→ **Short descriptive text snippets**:
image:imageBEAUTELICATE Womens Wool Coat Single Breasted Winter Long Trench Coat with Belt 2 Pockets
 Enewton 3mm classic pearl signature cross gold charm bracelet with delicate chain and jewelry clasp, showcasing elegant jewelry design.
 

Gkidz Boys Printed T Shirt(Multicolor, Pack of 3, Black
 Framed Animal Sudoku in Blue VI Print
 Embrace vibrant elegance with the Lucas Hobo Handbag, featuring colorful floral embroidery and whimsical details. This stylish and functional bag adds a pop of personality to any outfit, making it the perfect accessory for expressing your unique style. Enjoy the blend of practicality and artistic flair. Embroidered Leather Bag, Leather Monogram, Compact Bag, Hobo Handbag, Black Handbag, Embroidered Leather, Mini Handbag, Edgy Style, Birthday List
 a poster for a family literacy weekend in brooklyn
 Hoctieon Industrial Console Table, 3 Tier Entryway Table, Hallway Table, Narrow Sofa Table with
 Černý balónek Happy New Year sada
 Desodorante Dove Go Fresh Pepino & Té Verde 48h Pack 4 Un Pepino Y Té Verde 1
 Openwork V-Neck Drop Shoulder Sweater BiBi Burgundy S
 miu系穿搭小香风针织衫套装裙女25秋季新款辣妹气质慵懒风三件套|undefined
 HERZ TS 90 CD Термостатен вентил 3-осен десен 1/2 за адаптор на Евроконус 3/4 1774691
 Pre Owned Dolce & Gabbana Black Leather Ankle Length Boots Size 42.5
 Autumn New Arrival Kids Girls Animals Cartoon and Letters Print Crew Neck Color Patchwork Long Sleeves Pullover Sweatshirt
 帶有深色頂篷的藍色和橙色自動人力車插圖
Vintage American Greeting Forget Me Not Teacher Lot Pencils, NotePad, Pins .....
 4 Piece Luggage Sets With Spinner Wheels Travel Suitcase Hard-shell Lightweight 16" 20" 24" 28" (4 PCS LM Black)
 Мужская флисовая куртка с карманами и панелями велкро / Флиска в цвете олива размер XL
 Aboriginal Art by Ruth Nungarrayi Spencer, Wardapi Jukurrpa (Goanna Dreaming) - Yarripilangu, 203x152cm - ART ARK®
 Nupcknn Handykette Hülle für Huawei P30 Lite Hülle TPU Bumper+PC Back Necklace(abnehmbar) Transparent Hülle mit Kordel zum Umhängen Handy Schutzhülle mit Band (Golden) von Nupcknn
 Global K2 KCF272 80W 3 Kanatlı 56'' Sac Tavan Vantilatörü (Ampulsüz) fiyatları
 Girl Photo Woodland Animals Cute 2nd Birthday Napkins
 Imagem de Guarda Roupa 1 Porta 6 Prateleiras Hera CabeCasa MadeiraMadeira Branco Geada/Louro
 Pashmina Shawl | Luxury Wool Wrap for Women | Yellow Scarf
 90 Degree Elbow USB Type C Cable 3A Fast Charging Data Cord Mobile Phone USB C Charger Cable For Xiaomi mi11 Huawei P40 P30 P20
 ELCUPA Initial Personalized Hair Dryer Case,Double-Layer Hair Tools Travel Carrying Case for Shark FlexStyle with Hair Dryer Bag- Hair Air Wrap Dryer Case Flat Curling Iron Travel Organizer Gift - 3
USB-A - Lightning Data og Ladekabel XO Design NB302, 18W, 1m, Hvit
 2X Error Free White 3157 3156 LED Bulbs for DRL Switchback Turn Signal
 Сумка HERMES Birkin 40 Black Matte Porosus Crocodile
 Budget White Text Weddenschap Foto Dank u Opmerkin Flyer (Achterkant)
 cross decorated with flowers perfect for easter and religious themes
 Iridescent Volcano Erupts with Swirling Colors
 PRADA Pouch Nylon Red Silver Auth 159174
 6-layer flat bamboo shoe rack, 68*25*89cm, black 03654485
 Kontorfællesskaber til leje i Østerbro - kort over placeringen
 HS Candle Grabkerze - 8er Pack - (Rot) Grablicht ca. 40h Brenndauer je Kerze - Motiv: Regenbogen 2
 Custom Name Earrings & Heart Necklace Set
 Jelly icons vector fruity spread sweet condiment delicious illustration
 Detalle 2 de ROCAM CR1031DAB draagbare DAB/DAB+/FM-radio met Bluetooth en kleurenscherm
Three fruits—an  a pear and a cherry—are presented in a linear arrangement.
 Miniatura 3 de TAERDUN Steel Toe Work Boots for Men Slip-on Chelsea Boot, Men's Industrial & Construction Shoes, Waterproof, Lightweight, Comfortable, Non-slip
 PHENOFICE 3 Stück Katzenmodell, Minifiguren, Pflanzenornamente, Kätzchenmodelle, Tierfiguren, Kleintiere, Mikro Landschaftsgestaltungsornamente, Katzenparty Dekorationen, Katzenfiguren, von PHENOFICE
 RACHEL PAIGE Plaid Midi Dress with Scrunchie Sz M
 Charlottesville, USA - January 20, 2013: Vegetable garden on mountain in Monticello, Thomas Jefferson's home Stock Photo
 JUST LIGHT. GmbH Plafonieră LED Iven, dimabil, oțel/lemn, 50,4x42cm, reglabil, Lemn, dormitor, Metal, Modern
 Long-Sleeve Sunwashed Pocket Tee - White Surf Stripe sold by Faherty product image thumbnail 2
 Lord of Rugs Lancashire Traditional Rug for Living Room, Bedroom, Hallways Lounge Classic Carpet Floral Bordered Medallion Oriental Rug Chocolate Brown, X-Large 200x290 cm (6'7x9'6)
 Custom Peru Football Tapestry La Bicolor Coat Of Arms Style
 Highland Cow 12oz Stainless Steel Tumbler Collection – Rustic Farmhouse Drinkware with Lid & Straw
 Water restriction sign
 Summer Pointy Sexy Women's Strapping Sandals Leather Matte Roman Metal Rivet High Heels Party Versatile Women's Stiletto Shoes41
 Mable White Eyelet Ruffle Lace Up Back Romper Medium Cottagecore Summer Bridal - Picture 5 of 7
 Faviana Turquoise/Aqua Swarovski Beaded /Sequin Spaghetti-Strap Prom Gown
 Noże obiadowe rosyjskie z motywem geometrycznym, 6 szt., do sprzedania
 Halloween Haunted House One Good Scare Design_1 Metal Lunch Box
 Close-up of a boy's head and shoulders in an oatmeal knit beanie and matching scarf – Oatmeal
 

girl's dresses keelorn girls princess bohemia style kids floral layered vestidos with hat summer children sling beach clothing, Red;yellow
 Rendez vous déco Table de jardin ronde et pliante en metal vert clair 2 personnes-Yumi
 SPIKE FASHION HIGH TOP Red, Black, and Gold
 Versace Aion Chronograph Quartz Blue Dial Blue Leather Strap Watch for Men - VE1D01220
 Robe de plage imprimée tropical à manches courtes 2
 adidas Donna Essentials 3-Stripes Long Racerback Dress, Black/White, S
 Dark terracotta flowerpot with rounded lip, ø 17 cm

→ **WHAT IS EXPECTED**: Once more, write out the records above, exactly as they stand.

→ **SOLUTION FOR THIS EXERCISE**:
image:imageBEAUTELICATE Womens Wool Coat Single Breasted Winter Long Trench Coat with Belt 2 Pockets
 Enewton 3mm classic pearl signature cross gold charm bracelet with delicate chain and jewelry clasp, showcasing elegant jewelry design.
 

Gkidz Boys Printed T Shirt(Multicolor, Pack of 3, Black
 Framed Animal Sudoku in Blue VI Print
 Embrace vibrant elegance with the Lucas Hobo Handbag, featuring colorful floral embroidery and whimsical details. This stylish and functional bag adds a pop of personality to any outfit, making it the perfect accessory for expressing your unique style. Enjoy the blend of practicality and artistic flair. Embroidered Leather Bag, Leather Monogram, Compact Bag, Hobo Handbag, Black Handbag, Embroidered Leather, Mini Handbag, Edgy Style, Birthday List
 a poster for a family literacy weekend in brooklyn
 Hoctieon Industrial Console Table, 3 Tier Entryway Table, Hallway Table, Narrow Sofa Table with
 Černý balónek Happy New Year sada
 Desodorante Dove Go Fresh Pepino & Té Verde 48h Pack 4 Un Pepino Y Té Verde 1
 Openwork V-Neck Drop Shoulder Sweater BiBi Burgundy S
 miu系穿搭小香风针织衫套装裙女25秋季新款辣妹气质慵懒风三件套|undefined
 HERZ TS 90 CD Термостатен вентил 3-осен десен 1/2 за адаптор на Евроконус 3/4 1774691
 Pre Owned Dolce & Gabbana Black Leather Ankle Length Boots Size 42.5
 Autumn New Arrival Kids Girls Animals Cartoon and Letters Print Crew Neck Color Patchwork Long Sleeves Pullover Sweatshirt
 帶有深色頂篷的藍色和橙色自動人力車插圖
Vintage American Greeting Forget Me Not Teacher Lot Pencils, NotePad, Pins .....
 4 Piece Luggage Sets With Spinner Wheels Travel Suitcase Hard-shell Lightweight 16" 20" 24" 28" (4 PCS LM Black)
 Мужская флисовая куртка с карманами и панелями велкро / Флиска в цвете олива размер XL
 Aboriginal Art by Ruth Nungarrayi Spencer, Wardapi Jukurrpa (Goanna Dreaming) - Yarripilangu, 203x152cm - ART ARK®
 Nupcknn Handykette Hülle für Huawei P30 Lite Hülle TPU Bumper+PC Back Necklace(abnehmbar) Transparent Hülle mit Kordel zum Umhängen Handy Schutzhülle mit Band (Golden) von Nupcknn
 Global K2 KCF272 80W 3 Kanatlı 56'' Sac Tavan Vantilatörü (Ampulsüz) fiyatları
 Girl Photo Woodland Animals Cute 2nd Birthday Napkins
 Imagem de Guarda Roupa 1 Porta 6 Prateleiras Hera CabeCasa MadeiraMadeira Branco Geada/Louro
 Pashmina Shawl | Luxury Wool Wrap for Women | Yellow Scarf
 90 Degree Elbow USB Type C Cable 3A Fast Charging Data Cord Mobile Phone USB C Charger Cable For Xiaomi mi11 Huawei P40 P30 P20
 ELCUPA Initial Personalized Hair Dryer Case,Double-Layer Hair Tools Travel Carrying Case for Shark FlexStyle with Hair Dryer Bag- Hair Air Wrap Dryer Case Flat Curling Iron Travel Organizer Gift - 3
USB-A - Lightning Data og Ladekabel XO Design NB302, 18W, 1m, Hvit
 2X Error Free White 3157 3156 LED Bulbs for DRL Switchback Turn Signal
 Сумка HERMES Birkin 40 Black Matte Porosus Crocodile
 Budget White Text Weddenschap Foto Dank u Opmerkin Flyer (Achterkant)
 cross decorated with flowers perfect for easter and religious themes
 Iridescent Volcano Erupts with Swirling Colors
 PRADA Pouch Nylon Red Silver Auth 159174
 6-layer flat bamboo shoe rack, 68*25*89cm, black 03654485
 Kontorfællesskaber til leje i Østerbro - kort over placeringen
 HS Candle Grabkerze - 8er Pack - (Rot) Grablicht ca. 40h Brenndauer je Kerze - Motiv: Regenbogen 2
 Custom Name Earrings & Heart Necklace Set
 Jelly icons vector fruity spread sweet condiment delicious illustration
 Detalle 2 de ROCAM CR1031DAB draagbare DAB/DAB+/FM-radio met Bluetooth en kleurenscherm
Three fruits—an  a pear and a cherry—are presented in a linear arrangement.
 Miniatura 3 de TAERDUN Steel Toe Work Boots for Men Slip-on Chelsea Boot, Men's Industrial & Construction Shoes, Waterproof, Lightweight, Comfortable, Non-slip
 PHENOFICE 3 Stück Katzenmodell, Minifiguren, Pflanzenornamente, Kätzchenmodelle, Tierfiguren, Kleintiere, Mikro Landschaftsgestaltungsornamente, Katzenparty Dekorationen, Katzenfiguren, von PHENOFICE
 RACHEL PAIGE Plaid Midi Dress with Scrunchie Sz M
 Charlottesville, USA - January 20, 2013: Vegetable garden on mountain in Monticello, Thomas Jefferson's home Stock Photo
 JUST LIGHT. GmbH Plafonieră LED Iven, dimabil, oțel/lemn, 50,4x42cm, reglabil, Lemn, dormitor, Metal, Modern
 Long-Sleeve Sunwashed Pocket Tee - White Surf Stripe sold by Faherty product image thumbnail 2
 Lord of Rugs Lancashire Traditional Rug for Living Room, Bedroom, Hallways Lounge Classic Carpet Floral Bordered Medallion Oriental Rug Chocolate Brown, X-Large 200x290 cm (6'7x9'6)
 Custom Peru Football Tapestry La Bicolor Coat Of Arms Style
 Highland Cow 12oz Stainless Steel Tumbler Collection – Rustic Farmhouse Drinkware with Lid & Straw
 Water restriction sign
 Summer Pointy Sexy Women's Strapping Sandals Leather Matte Roman Metal Rivet High Heels Party Versatile Women's Stiletto Shoes41
 Mable White Eyelet Ruffle Lace Up Back Romper Medium Cottagecore Summer Bridal - Picture 5 of 7
 Faviana Turquoise/Aqua Swarovski Beaded /Sequin Spaghetti-Strap Prom Gown
 Noże obiadowe rosyjskie z motywem geometrycznym, 6 szt., do sprzedania
 Halloween Haunted House One Good Scare Design_1 Metal Lunch Box
 Close-up of a boy's head and shoulders in an oatmeal knit beanie and matching scarf – Oatmeal
 

girl's dresses keelorn girls princess bohemia style kids floral layered vestidos with hat summer children sling beach clothing, Red;yellow
 Rendez vous déco Table de jardin ronde et pliante en metal vert clair 2 personnes-Yumi
 SPIKE FASHION HIGH TOP Red, Black, and Gold
 Versace Aion Chronograph Quartz Blue Dial Blue Leather Strap Watch for Men - VE1D01220
 Robe de plage imprimée tropical à manches courtes 2
 adidas Donna Essentials 3-Stripes Long Racerback Dress, Black/White, S
 Dark terracotta flowerpot with rounded lip, ø 17 cm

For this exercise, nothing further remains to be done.